Plantation crop farmer: the type of crops grown (plantation) is a significant explanatory variable in this study. The presence of plantation crops positively influences farmers’ decisions to adopt fire belt creation as a fire management technology. For each one-unit increase of plantation farmers, the probability of adopting fire belt creation in fire management increases by 13.6% and 74.20%, respectively, keeping other variables constant. In this case, plantation crops are considered an asset for the farmers and play a very important role by serving as a source of income. Therefore, having a plantation can strengthen farmers’ adaptive capacity for fire belt creation in fire management. Consequently, as the number of plantation farmers increases, the farmers will look for adaptation measures that safeguard their assets against wildfire risk. This study agrees with findings by

[30]

who found out that farmers who practice high-value plantation crop diversification may have a higher likelihood of adopting wildfire technology as they seek to protect their diverse crop portfolio. The study also corroborates the findings of Izaba et al. (2023)

[26]

and Anuja, A. R. et al.

[9]

, who indicated that farmers growing high-value crops may be more motivated to adopt technology to protect their investments and ensure crop productivity.

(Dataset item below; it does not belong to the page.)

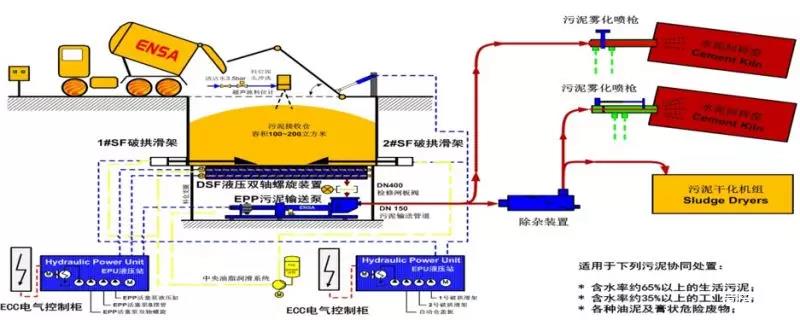 %title插圖%num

Access to community fire volunteers: access to community fire volunteers is critical to the adoption of improved fire management technologies by farmers. The probability of adopting fire belt creation as a fire management technology increases by 88.9% for farmers who have access to community fire volunteers, keeping other variables constant. The marginal effects revealed that farmers’ access to community fire volunteers increases the likelihood of adopting fire belt creation as a fire management technology by 16.2%. This is expected because information flow to farmers via contact with the community fire volunteers facilitates technology adoption due to established trust relations between the two parties. Community fire volunteers are familiar with the terrain, weather patterns, and specific fire risks in their area. Findings from this study agree with

[15]

, who found that localized knowledge allows farmers to respond effectively to fire incidents, making informed decisions about fire management strategies.

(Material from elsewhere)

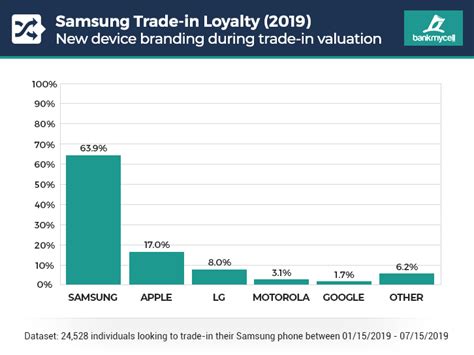 Samsung Leads The Way For Android Phone Brand Loyalty Report Toms Guide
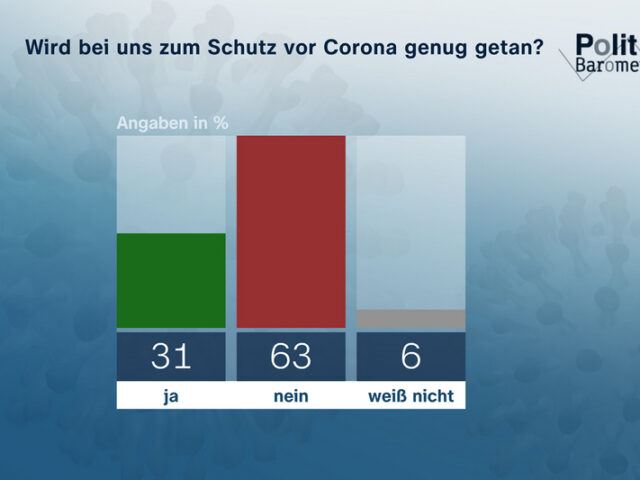 ZDF-Politbarometer November II 2021: Deutliche Mehrheit: Es wird bei uns zu wenig gegen Corona getan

FBO membership: The adoption of fire belt development as a fire management tool by farmers is positively and statistically significantly impacted by membership in a Farmer-Based Organization (FBO). Holding all other things equal, farmers who are members of FBOs have a 68.2% higher likelihood of using fire belt formation as a fire management tool than their non-affiliated peers. According to the marginal effects, farmers are 12.5% more likely to use fire belt formation as a fire management technology for every unit increase in FBO membership. This study's conclusion is consistent with that of

[6]

, who discovered that farmers in FBOs have a higher propensity to exchange ideas and gain knowledge from one another over time, hence promoting the adoption of agricultural innovations. Farmers within an organization are more likely to have access to initiatives that increase capacity, hear about colleagues' successes, and learn about obstacles from other farmers who have dealt with wildfires. These will probably facilitate group members' adoption of new technologies, including the development of fire belts as a fire management tool. The strength and composition of farmers’ social networks can influence their adoption of wildfire management technologies. Farmers who are part of networks that promote and support the adoption of these technologies may be more likely to adopt them

[18]

Awareness of technology: farmers’ awareness of the technology influenced its adoption. The positive coefficient of 67.8% indicated that farmers are more likely to adopt fire belt creation as a fire management technology when they are already aware of the technology. The marginal effect indicates that farmers’ awareness of fire belt creation as a fire management technology increasing by one unit increases the adoption of the technology by 34.5% when other factors are held constant. This study agrees with

[2]

, who concluded that awareness could bridge the gap between technology adoption and non-adoption. Also, a study by

[29]

found that a lack of awareness and information were significant barriers to the adoption of improved maize varieties among farmers in Zambia. This implies that only technologies that farmers are aware of or have heard about will be adopted by them. Information accessibility lowers ambiguity about a technology’s performance, which—over time—may cause an individual’s opinion to shift from being solely subjective to being objective. When the general public has little experience with a particular technology, more information tends to make people less inclined to adopt it. This is likely because more knowledge reveals an even greater information vacuum, which increases the risks or benefits involved in such technology

[13, 29, 16]

. It is therefore important to ensure that information is reliable, consistent, and accurate.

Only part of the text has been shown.